1. Cultural heritage, the Jante Laws
These are basically what I call the “10 laws against standing out“, published in 1933 by the author Aksel Sandemose. They are quite a fascinating perspective on being a member of society, especially to somehow who comes from a culture that champions individualism. You can read more about them here. While they are no longer as taboo and enforced in Denmark, elements of the preaching have diffused into Danish society. It seems that on the most part, physical objects in Copenhagen are understated — tiny shop signs, hardly any existence of advertisements, minimalist interior details. And in reflection of this desire to maintain an understated image, which essentially appears to be the accepted norm, people living in Copenhagen play it safe by donning neutral-colored apparel. However, individuals can still stand out through details when you know where to look, like the trimmings of a coat, the silhouette of sneakers, or a flash of a piercing.
Denmark is a socialist-wellfare state, which is an economic model of distribution and NOT a means of communism. The government provides universal health care, paid maternal leave and unemployment cushioning. This may be a far-fetched, too-many-times removed theory, but I believe somehow this equal access shapes Dane’s mentality in that overall, no-one is more special than the next, no one is more entitled than the other. Of course this doesn’t mean that society is absent of poor and rich, but overall the middle-class dominates.

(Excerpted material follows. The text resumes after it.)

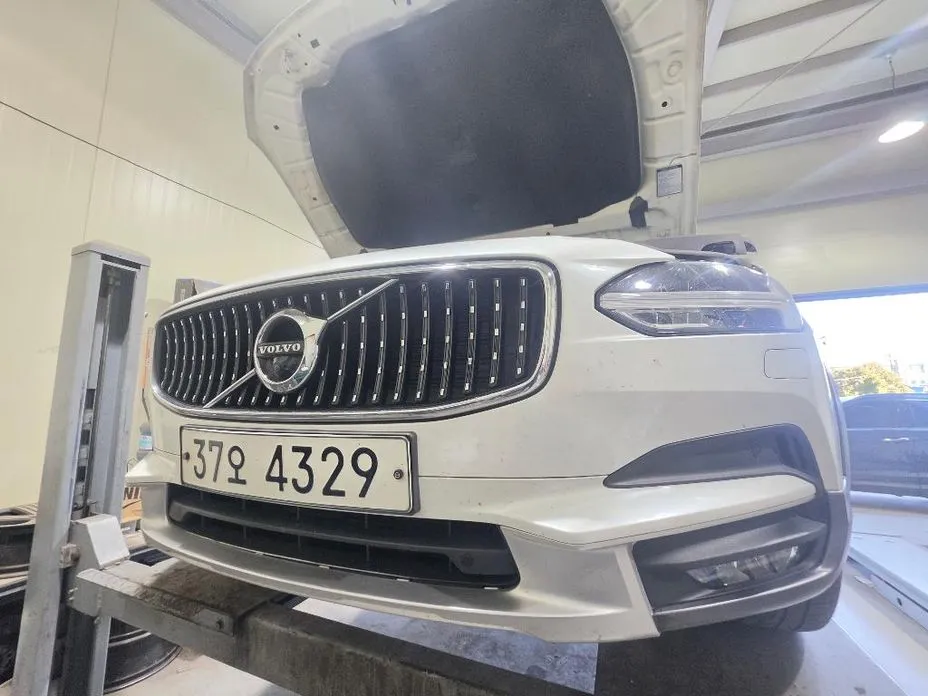 Volvo V90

And fashion follows this mentality. If everyone wears black/ neutral tones, no one in particular stands out or signals a divergence from the rest.
3. Tribe Mentality
After traveling around Europe, I have to admit that among the cities I toured, Copenhagen is one of the cities with the strongest identity and brand. In present day, we see this with the surge of the New Nordic Cuisine, a food movement spearheaded by Claus Meyer calling for a greater emphasis on ingredients local and unique to the region. There’s also now a Copenhagen film festival and fashion week…this attention to strengthening a Danish culture is rooted in history, after Denmark’s empire was beat and had essentially shrunk to the land mass it is today. In an attempt to rebuild national pride, the government followed the strategy of looking inward. Copenhagen is largely a homogenous community…with few foreigners. And as social psychology teaches us, you either follow the “tribe”, assimilate to the “tribe” or you’re out.
This is probably my favorite explanation, as given by my Danish L+C professor, because it’s not immediately obvious but when you hear it, it makes sense. Why do so many Danes wear black? Because it keeps you warm! Especially in winter, when sunlight is sparse and temperatures dip. Black absorbs heat, and so wearing more black is a practical method of thermal isolation. Wow.
Those are my 4 thoughts! If you have theories of your own, I’m open for discussion.